Material for this exercise: Begin
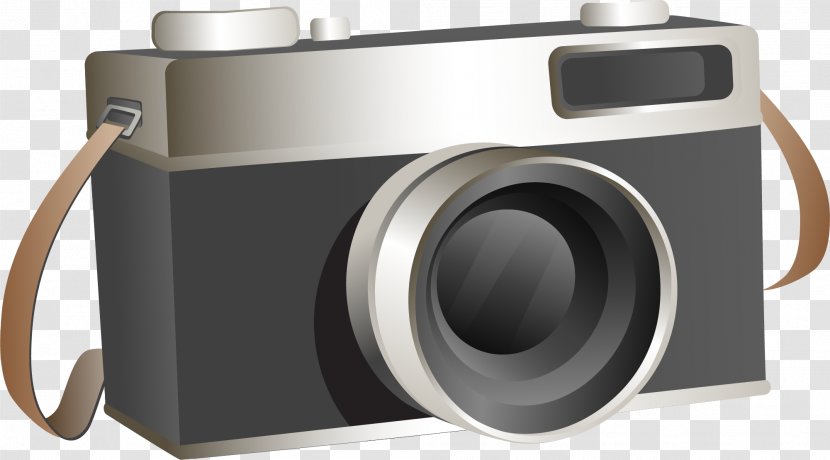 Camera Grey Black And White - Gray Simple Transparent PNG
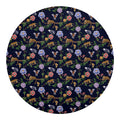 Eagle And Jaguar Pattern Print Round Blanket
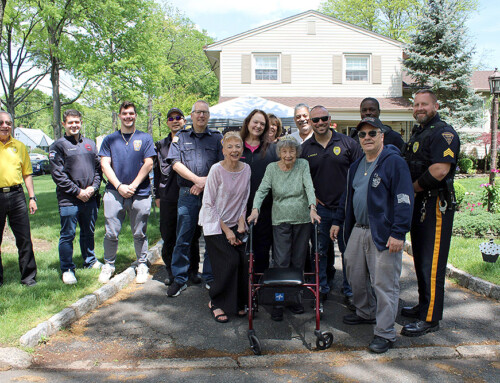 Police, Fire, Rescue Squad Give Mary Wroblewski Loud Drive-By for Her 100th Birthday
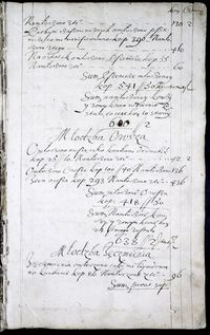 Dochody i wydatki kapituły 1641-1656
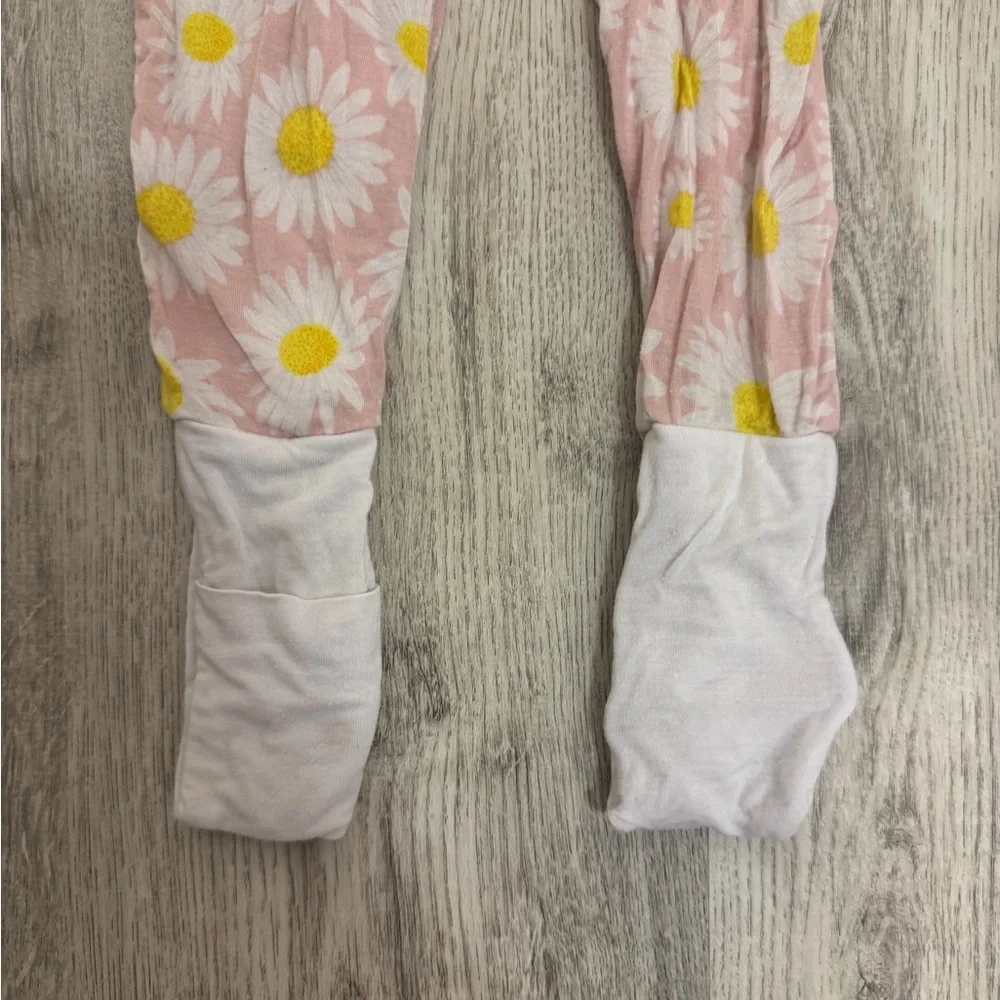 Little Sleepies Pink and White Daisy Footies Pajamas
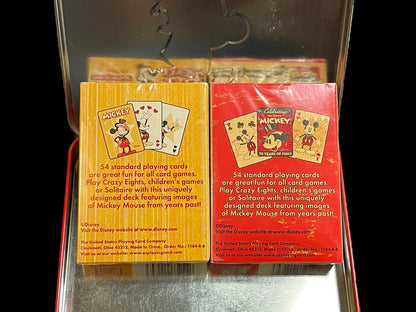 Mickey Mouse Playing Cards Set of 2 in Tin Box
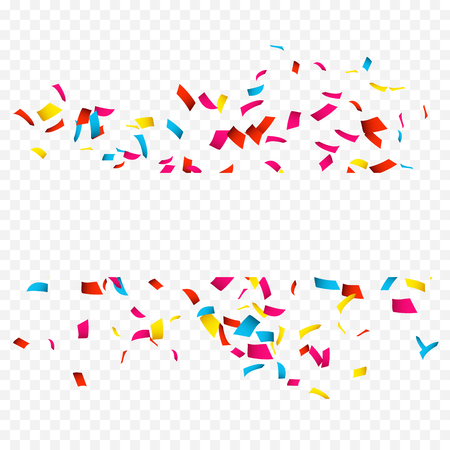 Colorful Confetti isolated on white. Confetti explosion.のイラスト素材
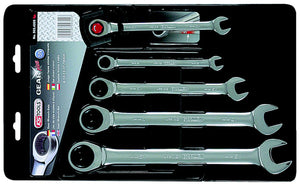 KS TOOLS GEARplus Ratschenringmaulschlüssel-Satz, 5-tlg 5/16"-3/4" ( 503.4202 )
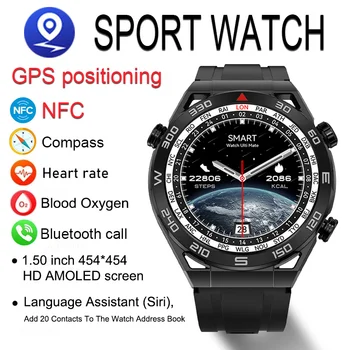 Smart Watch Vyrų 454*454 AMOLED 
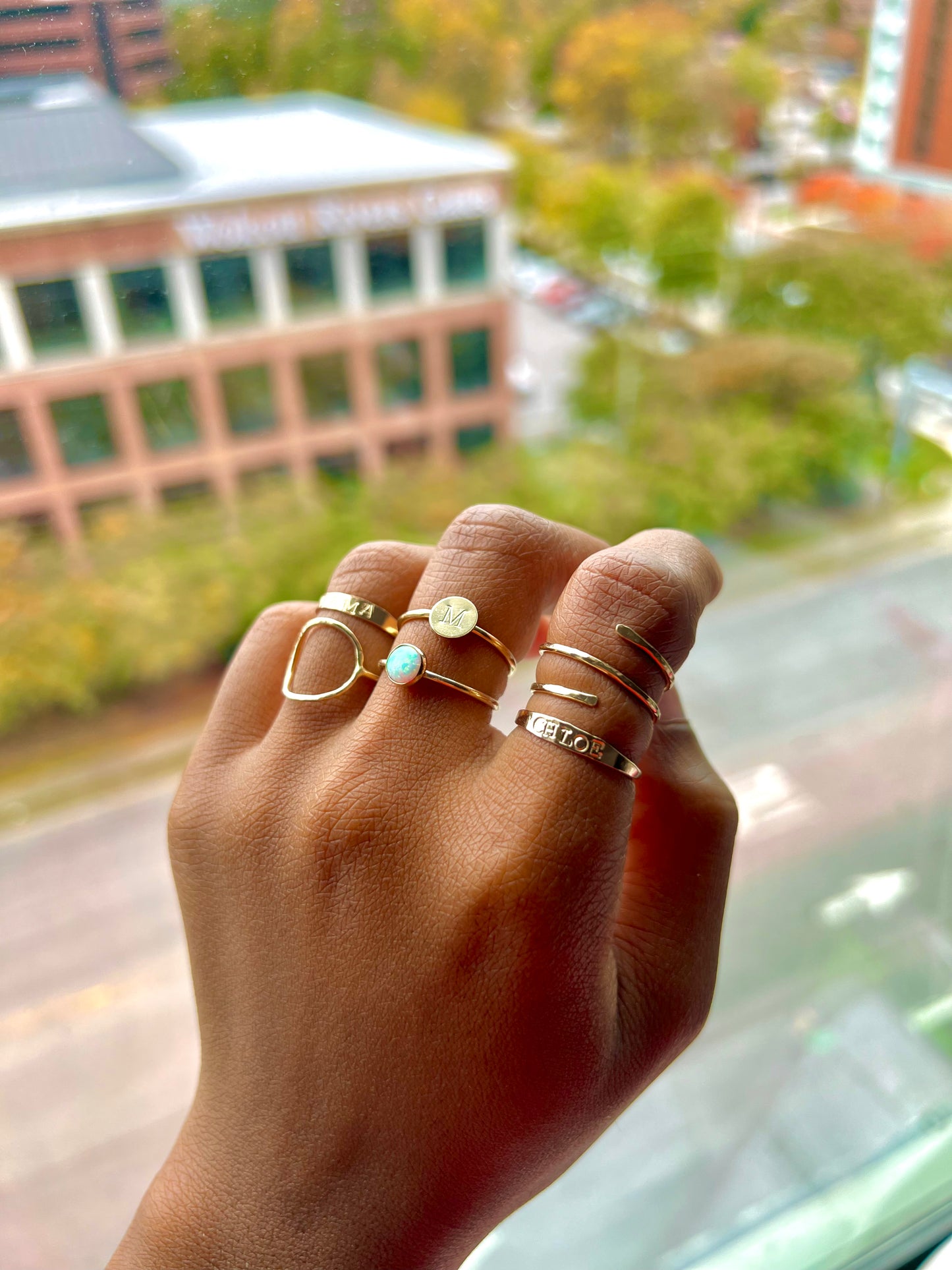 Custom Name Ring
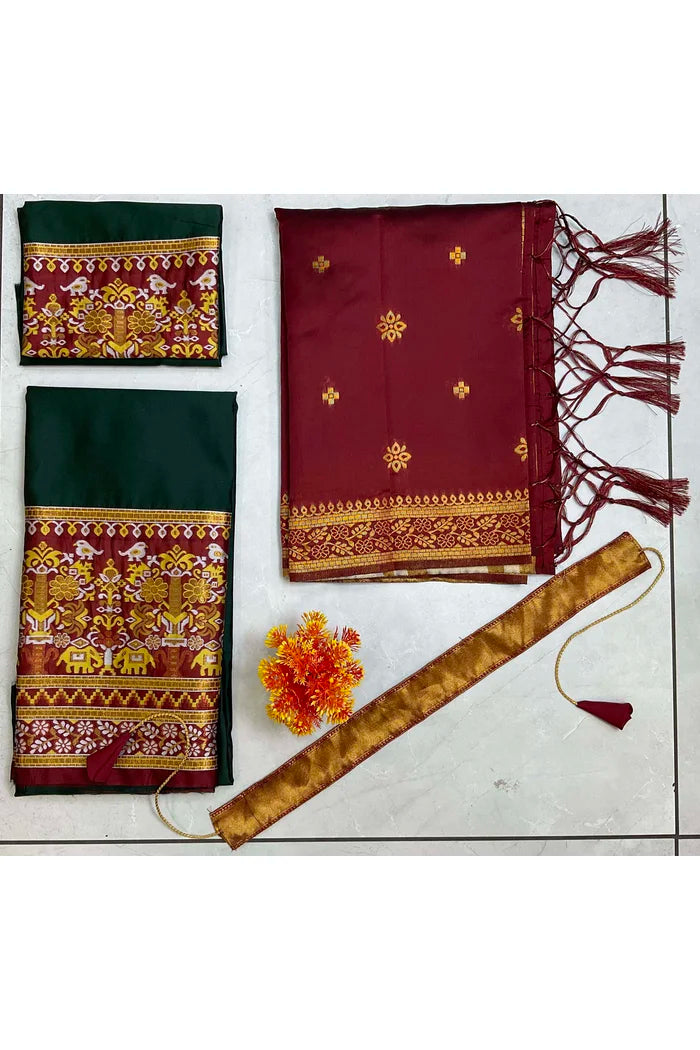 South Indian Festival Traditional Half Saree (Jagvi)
Material for this exercise: End
Material for this exercise: Begin
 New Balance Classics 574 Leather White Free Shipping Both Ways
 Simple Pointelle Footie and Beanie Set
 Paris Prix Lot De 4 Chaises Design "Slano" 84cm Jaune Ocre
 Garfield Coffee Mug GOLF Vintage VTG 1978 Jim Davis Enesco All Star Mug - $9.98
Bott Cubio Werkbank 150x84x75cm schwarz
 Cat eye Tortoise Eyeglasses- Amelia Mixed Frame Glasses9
Material for this exercise: End
=== Task requirements ===
In the listing above, find the line containing "Custom Name Ring". Output it and every line after it up to and including the line containing "South Indian Festival", exactly, but skip the pictures.

=== Solution for this task ===
 Custom Name Ring
 South Indian Festival Traditional Half Saree (Jagvi)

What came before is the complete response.